Restaurants are attempting to create Asian fusion dishes like Asian fusion tacos that mix American and Mexican favorites. Asian flavors are seen in products like Asian-inspired syrups and condiments which continue to grow and trend by 68%. Conversely, Asian noodles like soba, udon and ramen decreased by 6% as a result of mainstream popularity. Dumplings and eggrolls are the most popular in restaurants, satisfying consumer needs for ethnic foods and desire for portability.
Spice, Teas and Sriracha
The Japanese chili pepper, togarashi, has increased in popularity by 200% in menus over the past four years. The trend continues to grow each year as Asian cuisine continues to add flavors to vegetable appetizers and sides. Also, Japanese matcha, a finely ground powder of specialty green tea, has grown 57% in the past year, according to Datassential. The tea powder is nutritious and is often used in beverages and desserts. Occasionally, this product is used in oatmeal and granola.
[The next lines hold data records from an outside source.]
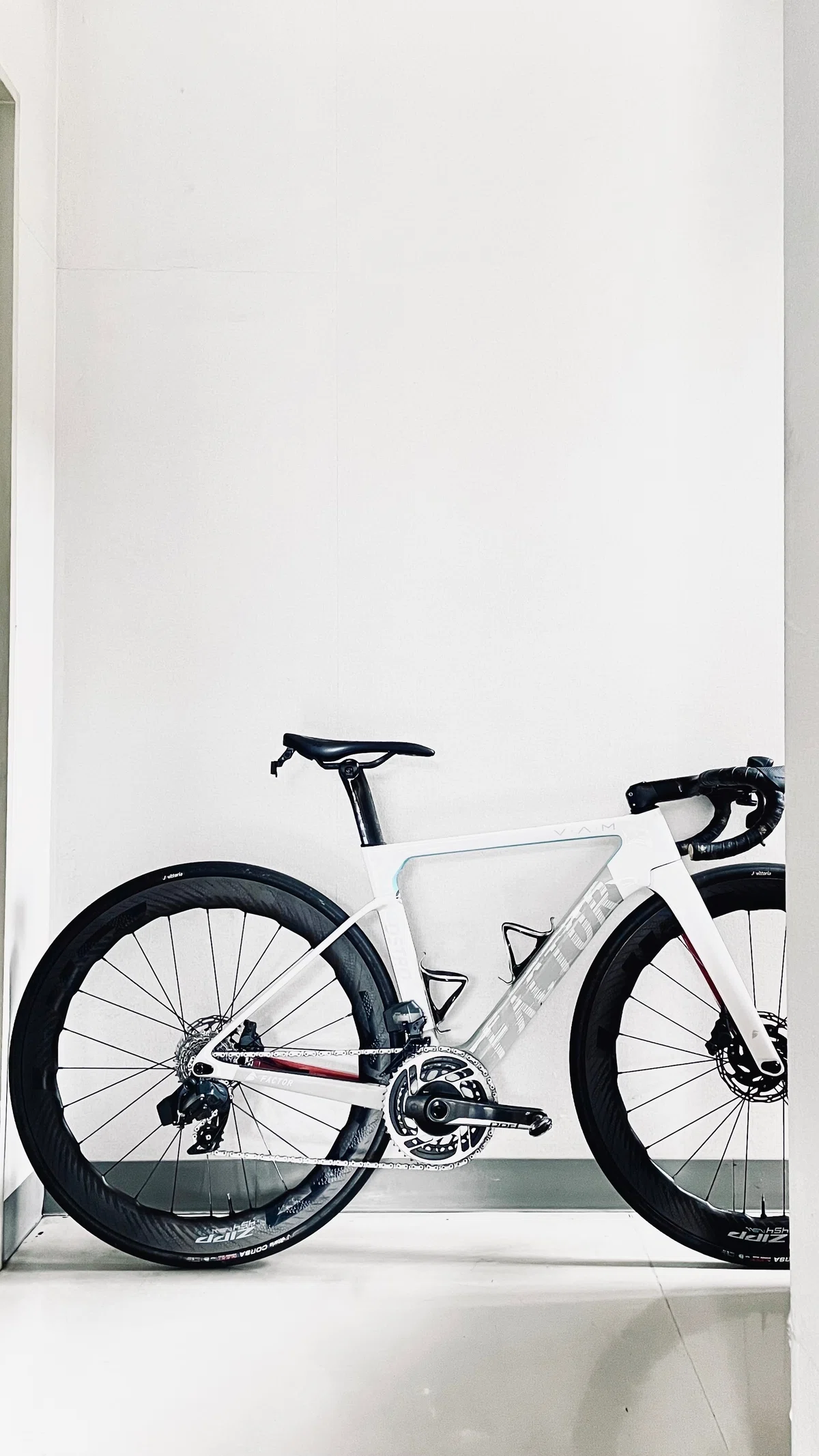 インプレッション】ZIPP 454 NSW Tubeless Disc ｜877Bicycle?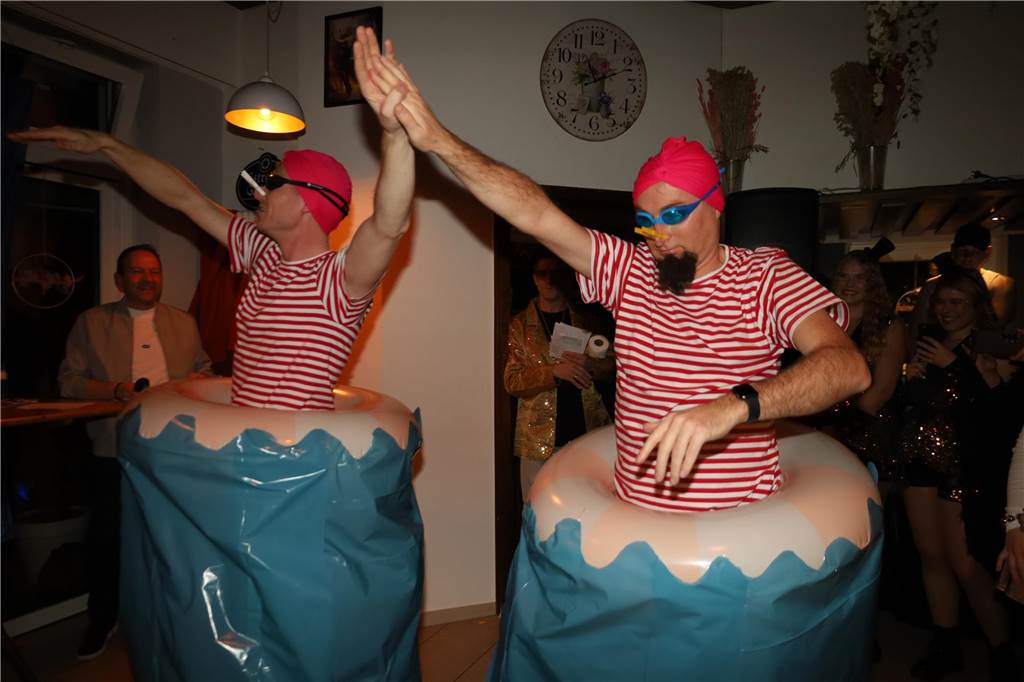 Verkleidete Karnevalisten legten eine Bühnenshow beim Karneval in Olfen hin.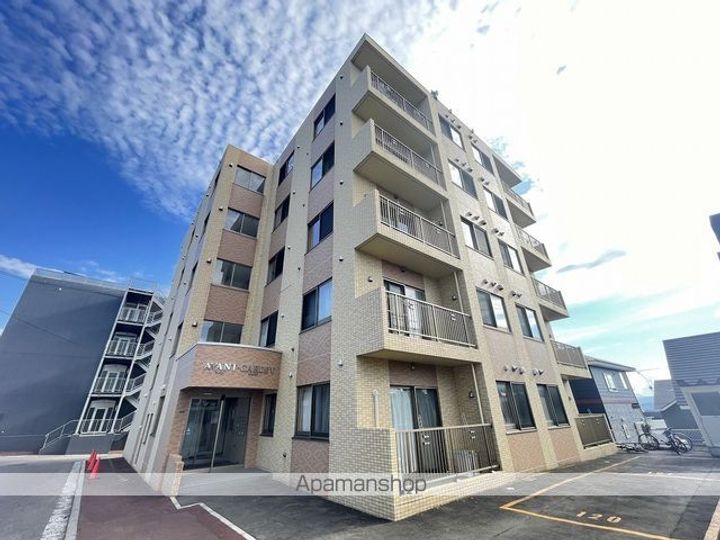 AVANT GARDEⅤ(アヴァンギャルドファイブ)の外観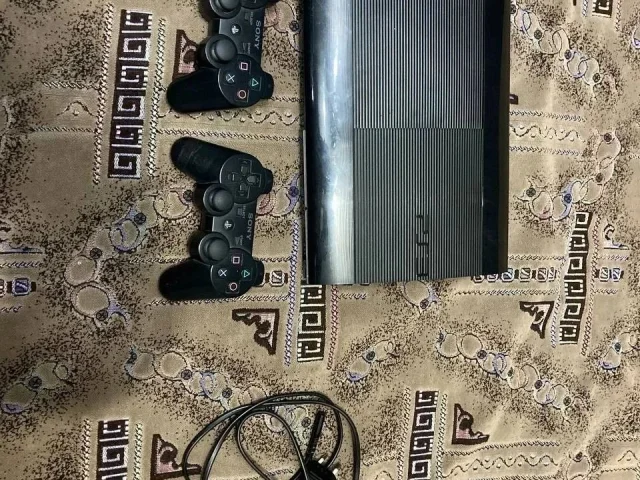 Фото: Продам Sony PlayStation 3 super slim, прошита hen можно устанавливать игры с флешки и напрямую с приставки. Уже установл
Sriracha is increasing at 37% in menus nationwide, according to Datassential. Being incorporated with mayo has also increased in menus by 30% in order to introduce the flavor to a broader audience. Researchers and developers have been promoting sriracha for U.S. dishes, especially in mainstream versions of potstickers and eggrolls. The sweet chili sauce, adds enough spice to keep the interest of consumers looking for more mild flavors.